The long answer is: It's taken me years to sort this out.  I wasn't raised in any religious tradition.  You could say my family of origin was materialist, if you needed to classify it, but even that's too strong; we virtually gave no thought or discussion to such matters at all.  One important exception in the family was a step-grandmother, whom I'll write about in another post.  Being from Oklahoma (mainly), we knew many Baptists. We simply considered them to be annoying hypocrites. They thought they knew something we didn't, yet they surely didn't live or act any better than the rest of us.  And the rest of us, both old and young, were pretty immature, to put it politely. We thought Catholics were a voodoo cult.

Becoming a parent changed everything.

All the big questions about life and death and meaning and purpose suddenly came crashing down on me. Having no family tradition to turn to for answers, I became a seeker.  After many false starts, I eventually found the works of C.S.Lewis. Suddenly life began to make sense.  In Mere Christianity and The Problem of Pain, I finally found a worldview that fit the facts of life and explained our experiences in this world, while affirming that we are all meant for something better.

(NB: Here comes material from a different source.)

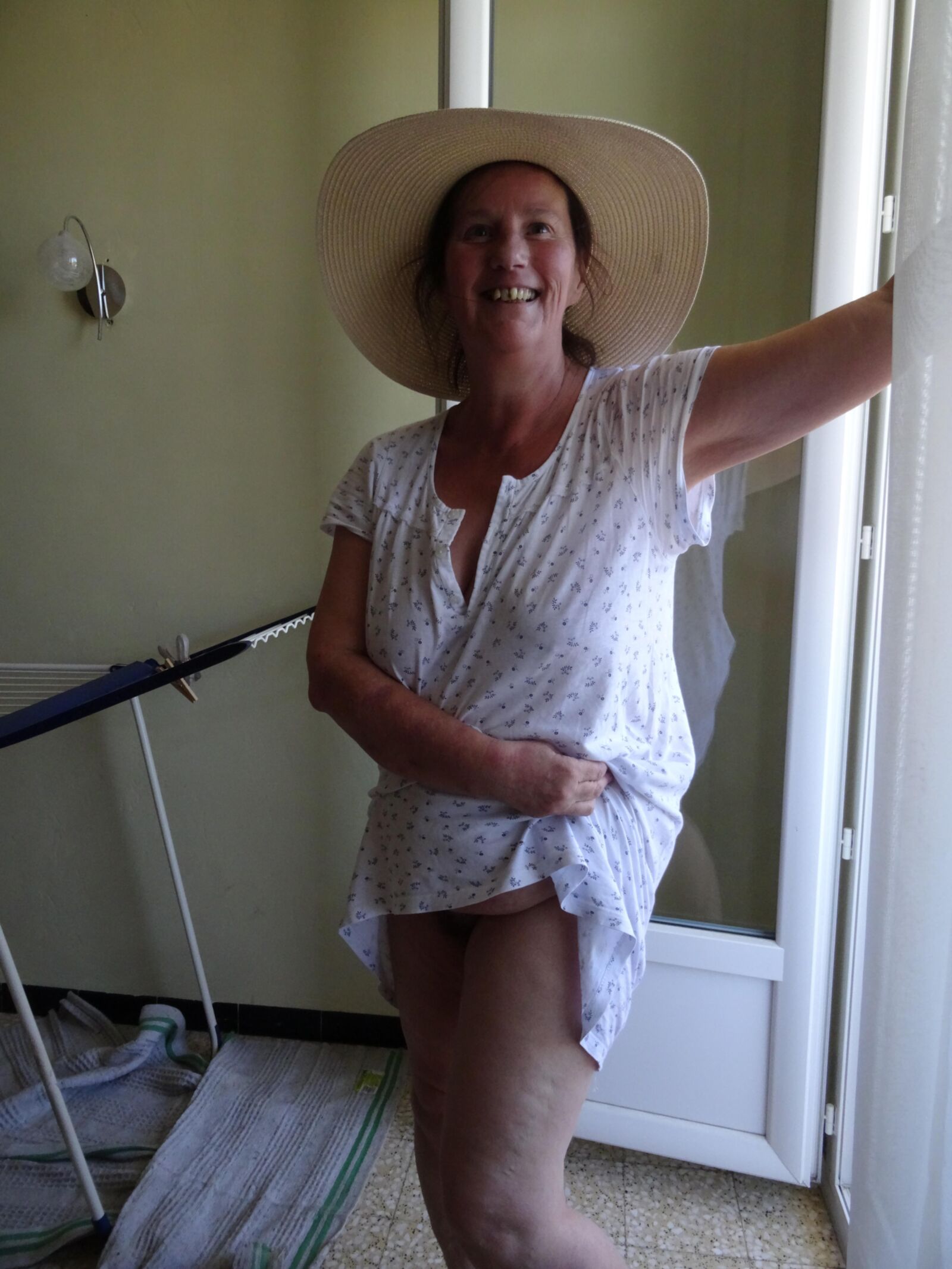 Chubby granny Nicole with hat big tits HD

In 1994, I joined the local parish of the Episcopal Church, the American version of the Anglican Church.  I had found my spiritual home and began to thrive!  I couldn't have known it then, but a huge spiritual storm was gathering then in the Episcopal Church, and my happiness there would soon end.
That's for another post.

Saturday, January 7, 2012


My name is Jerry Woods.  I live in northern California, and the title of this blog [evangelical Anglican] reflects my principal approach to everything in life! The purpose of this blog is to be a resource or a clearinghouse of resources for anyone who wishes to approach the world through a thoughtful Christian lens.  Specifically, I'll be looking at these categories:

Religion/Philosophy (boring, until you realize nothing is more important to how you live your life!)
Health/Nutrition (with a strong emphasis on natural and alternative methods)
Education (particularly public schools vs. charters, testing, etc.)
Politics (as it relates to all the previous categories)

I am not by any means an expert or authority in any of these categories.  I offer these resources only as modest possible tools for growing toward our full human potential--spiritually, intellectually, and physically.  I'm always open to contributions in any of these areas.  It really is a wonderful life, and it gets even better!